Reviewer: Brian Wright, University of Nevada, Reno

 
Discussing the historical legacy of grunge is a difficult endeavor. Unlike work on other recent genres (hip-hop and EDM, for example), grunge scholarship has to contend with the hegemonic narrative of rock criticism that views traceable influence, formal complexity, or political awareness as a prerequisite for scholarly worth. Furthermore, with only twenty years since the genre first achieved mainstream success, grunge scholarship has to grapple with the complexities of recent memory without the luxury of historical distance and perspective. Catherine Strong’s Grunge: Music and Memory attempts to remedy this situation by addressing these complexities head-on.

As part of Ashgate’s “Popular and Folk Music Series,” and one of the first academic books written on grunge, Grunge examines how the memory of the genre has evolved over the past two decades.

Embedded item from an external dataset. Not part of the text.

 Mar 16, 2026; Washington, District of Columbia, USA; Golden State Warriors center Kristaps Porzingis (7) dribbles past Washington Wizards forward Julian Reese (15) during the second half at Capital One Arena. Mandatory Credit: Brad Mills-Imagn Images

Strong, a Lecturer in Sociology at Charles Stuart University, Australia, does a remarkable job of historically contextualizing grunge and investigating how it is understood today. Primarily utilizing interviews with Australian respondents who experienced grunge firsthand as part of what she calls a “mass-mediated, global cultural event” (p.7), Strong explores multiple discrepancies between her respondents’ recollection and the genre’s initial depiction in international media. Instead of attempting to piece together an insider discourse through interviews with the genre’s main contributors, Strong focuses her attention on how the genre is remembered by its fans. This has the benefit of allowing for the examination of grunge as a mainstream cultural force, though at times the absence of the musicians’ voices leaves the reader wondering if there may be more to the story.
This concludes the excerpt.